The chairman of the House Veterans Affairs Committee has put forward a new bill aimed at making it easier to fire corrupt or negligent Department of Veterans Affairs workers, boosting support for whistleblowers who have been targeted by the VA.

The bill from Rep. Jeff Miller, R-Fla., is the latest attempt to rein in a broken VA that has defied congressional reform efforts.

In 2014, after the nationwide healthcare scandal revealed the agency was faking wait times to make it appear it was serving veterans on a timely basis, Congress passed legislation to make it easier to fire officials involved.
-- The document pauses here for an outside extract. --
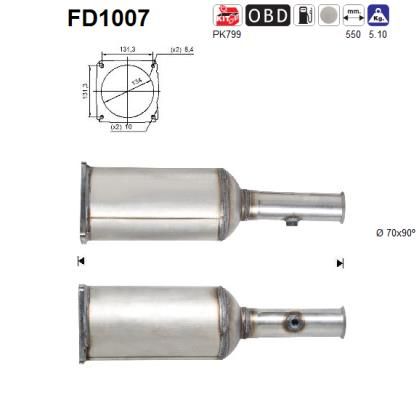 AS suodžių / kietųjų dalelių filtras, išmetimo sistem FD1007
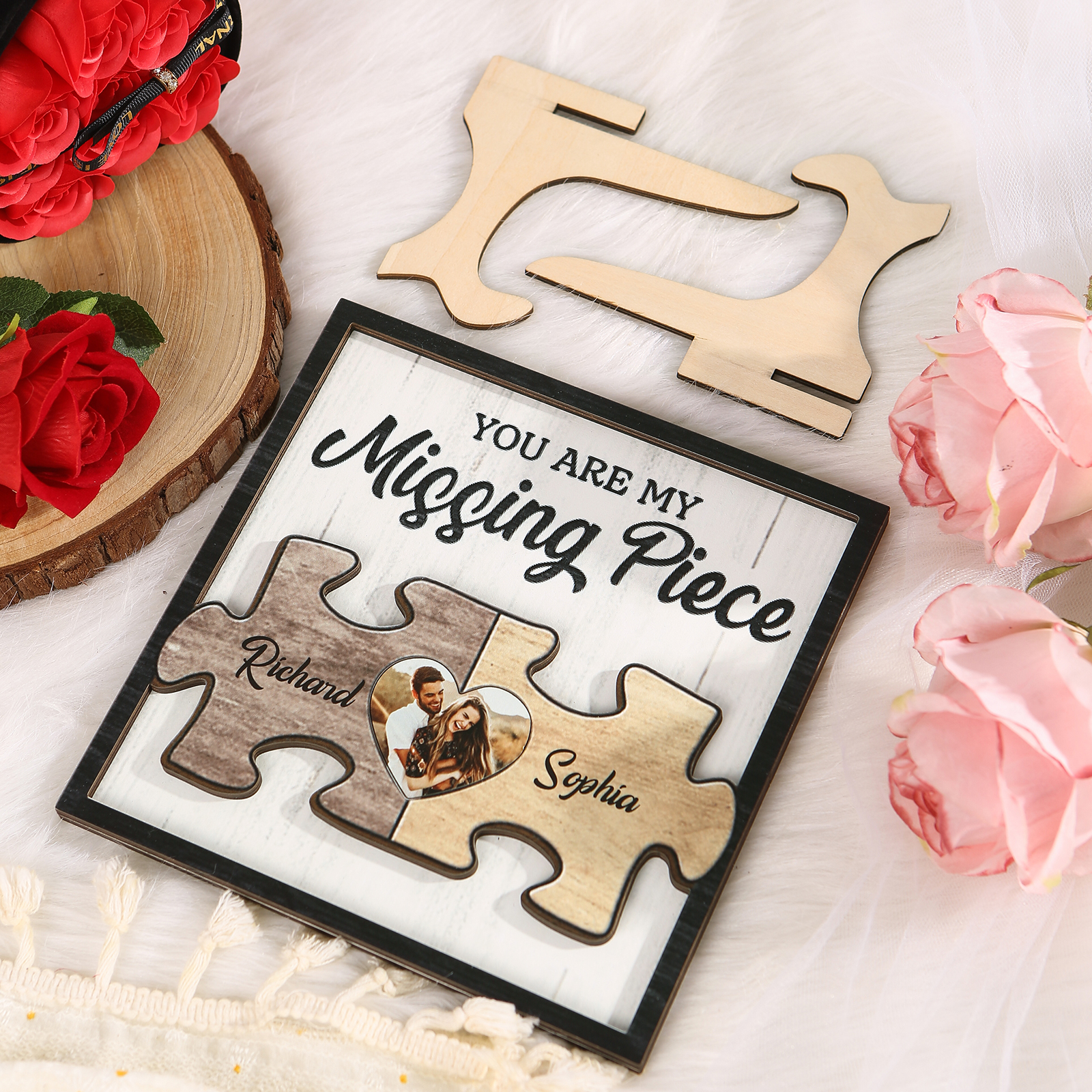 Personalised Puzzle Heart Wooden Frame – Custom 2 Names & 1 Photo Christmas Gift for Couples | Jessemade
But the VA has mostly refused to use that law, and in June, MilitaryTimes reported that the VA will stop using that law altogether.

Miller said Wednesday that the inability to fire VA officials continues to be the VA’s biggest problem, and said his bill is aimed at fixing that problem for good.

“The biggest obstacle standing in the way of VA reform is the department’s pervasive lack of accountability among employees at all levels,” he said. “Until this problem is fixed once and for all, long-term efforts to reform VA are doomed to fail.”

“For too long, union bosses, administration officials and their enablers have used every trick in the book to help VA bureaucrats who can’t or won’t do their jobs remain firmly entrenched in the agency’s bureaucracy,” he added.

Under his bill, the process of firing or demoting rank-and-file VA employees, plus their appeals process, would be shortened to just 77 days.

The current process can run on for more than a year, Miller’s office said.

It would also completely remove the Merit Systems Protection Board from the process when it comes to senior officials. The MSPB is the last resort for officials who want to appeal firings or demotions, and the board has resisted the law, and has argued openly that it’s unconstitutional.

Miller’s bill would also do more to protect whistleblowers, who have complained that the VA spies on them and fails to address their complaints constructively.

Elsewhere, it would let the VA recoup bonuses and relocation expenses, a reaction to a scandal in which a few senior officials received hundreds of thousands of dollars in benefits.